Valentin Balakhnichev held two of the most powerful positions in his sport: treasurer of the International Association of Athletics Federations, the global governing body now called World Athletics, and president of the All-Russia Athletic Federation. On January 7, 2016, the IAAF Ethics Board banned him from athletics for life. The finding was not that he had failed to police doping. It was that he, together with others, had turned the machinery of doping enforcement into an instrument of extortion — demanding money from a Russian marathon runner, Liliya Shobukhova, in exchange for delaying and concealing the sanction her own abnormal blood values warranted. He was fined 25,000 dollars. The Court of Arbitration for Sport upheld the lifetime ban in August 2017.

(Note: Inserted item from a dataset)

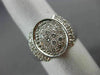 ESTATE WIDE .70CT DIAMOND 18K WHITE GOLD 3D OVAL CLUSTER COCKTAIL RING #17667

The scheme inverted the purpose of the office. Shobukhova, a leading distance runner, had suspicious readings in her Athlete Biological Passport, the longitudinal blood-monitoring system designed precisely to catch the kind of doping that evades a single test. Those readings should have triggered a disciplinary process. Instead, the officials in a position to bring that process found a way to monetise their power over it. The Ethics Board concluded that Balakhnichev, the Russian distance-running head coach Alexei Melnikov, and Papa Massata Diack — an IAAF marketing consultant and son of the then-IAAF president — conspired to extract what the Board called, in substance, bribes from Shobukhova by acts of blackmail, allowing her to keep competing when she should not have, including at the London 2012 Olympic marathon.
The numbers were specific and traceable. Shobukhova paid 450,000 euros; bank records showed sums withdrawn from her accounts in stages. When she was eventually banned anyway, a partial refund of 300,000 euros was returned to her and her husband in 2014 — a repayment linked back to Balakhnichev — which had the effect of documenting the original transaction. The Ethics Board found that the men had “conspired to extort what were in substance bribes from the athlete by acts of blackmail,” and that they “acted dishonestly and corruptly and did unprecedented damage to the sport of track and field.” Three of the four officials sanctioned in the decision, Balakhnichev among them, were banned for life.